Honor Your Students' Heritage by Pronouncing Their Names Correctly
“Your Name is a Song” is a children’s book written by Jamilah Thompkins-Bigelow and illustrated by Luisa Uribe. The story is about a little girl named Kora, who feels frustrated after her first day at school because her teacher and classmates repeatedly mispronounce her name. The girl tells her mother she never wants to come back to school. On their walk home through the city, the girl’s mother teaches her about the music behind the pronunciation of African, Asian, Black-American, Latinx and Middle Eastern names. It is the perfect book to help young students talk about and celebrate their identities through their names. After teaching in the United States for 15 years, unfortunately, I can tell you this little girl’s story is commonplace in schools all around the country.
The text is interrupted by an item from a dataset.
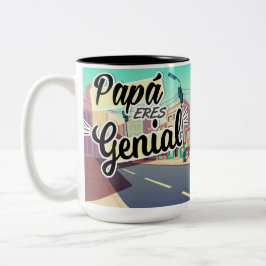 Caneca De Café Em Dois Tons Taza Papá Eres Genial Combi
Names are identifiers. They are extensions of who we are. They are tied to our cultures, heritages, spiritualities and family histories. Our names are part of our identities. For a student, hearing their name pronounced correctly is a reaffirmation of their identity and a celebration of who they are. The mispronunciation of their name, on the other hand, has quite the opposite effect. It is the sort of microaggression that frequently goes overlooked, but that reaches the very depth of children’s hearts because it is a direct message to their identity.
Even though most of the time, there’s no ill intent behind the mispronunciation of names, the very act sometimes sends a message rooted in bigotry. It communicates — in the words of Pages Matam, Elizabeth Acevedo, and G. Yamazawa in their poem “Unforgettable”— that students are: “Foreign. Impoverished. Illegal. What they hear is, ‘Go back where you came from!’”
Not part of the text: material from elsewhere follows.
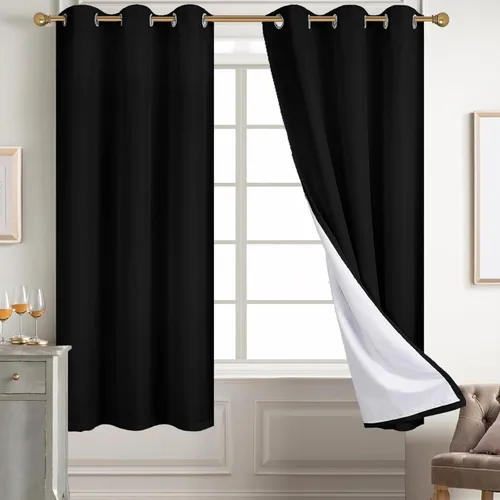 Vista 32 de Diraysid Cortinas 100% opacas de lino beige para dormitorio, con ojales, aislamiento térmico, cortinas de oscurecimiento de habitación
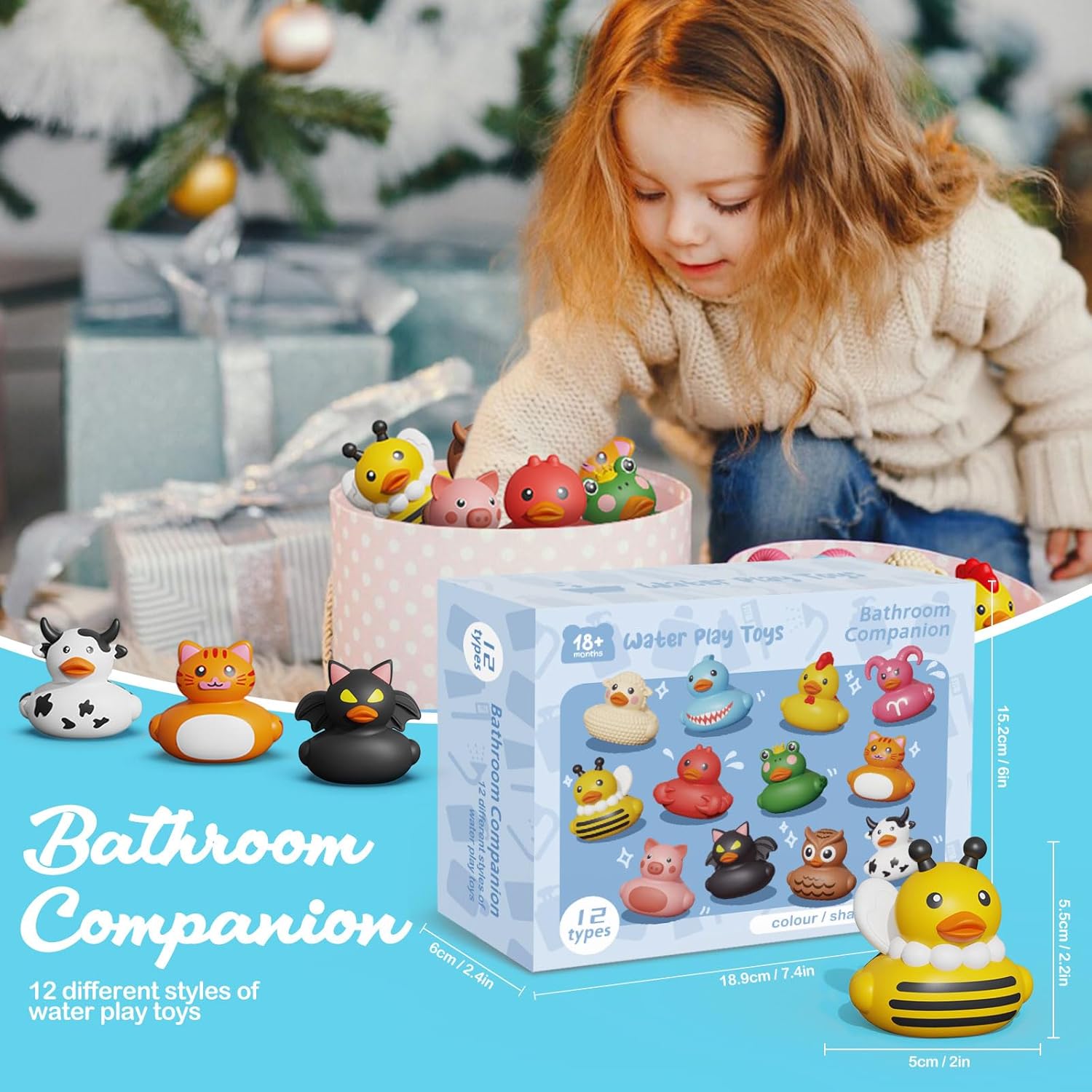 Thumbnail 5 de 12er Set Badeente Baby Gummiente – lochfreies weiches Badespielzeug für Kinder ab 18 Monaten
Watch a performance of the poem below.
Assimilation
Not long ago, I posted Warsan Shire’s poem “Give Your Daughters Difficult Names” on Twitter only to have several people, including immigrants (Google: internalized oppression), play devil’s advocate when it came to names. Their arguments were all in favor of assimilation to make life easier (aka catering to whiteness). The issue here is that people use a Eurocentric lens to judge which names are challenging to pronounce and which names are easier.
I’m currently a Spanish teacher, but I was a teacher for emergent English speakers for years. As a Latina, it pained me to hear my student’s names butchered by teachers all the time, to the point of making a name unintelligible to the children. Due to mispronunciation, many immigrant parents decide to give their children Anglo names that are easier to say in the U.S. Once again, the poem “Unforgettable” by Pages Matam, Elizabeth Acevedo, and G. Yamazawa comes to mind: “That’s because my name wasn’t given to me. It was given to the rest of the country.”
The anglicizing of names or the use of nicknames to make a teacher’s life easier devalues their students’ heritage, their mother tongue, and their culture. It promotes assimilation and it sends the early message that because their names are “difficult,” they and their heritage must be difficult to appreciate as well.
As an educator, I challenge you to ask yourself:
Why is an Indigenous, Arabic, Hispanic, Chinese or Nigerian name more difficult to pronounce than Dostoevsky or Eisenhower?
I invite you to sit in this discomfort and maybe reflect on the way you’ve been conditioned to push the mainstream in your classroom. What are the non-English names or last names you’ve been conditioned to value and respect? Which ones are not? Why?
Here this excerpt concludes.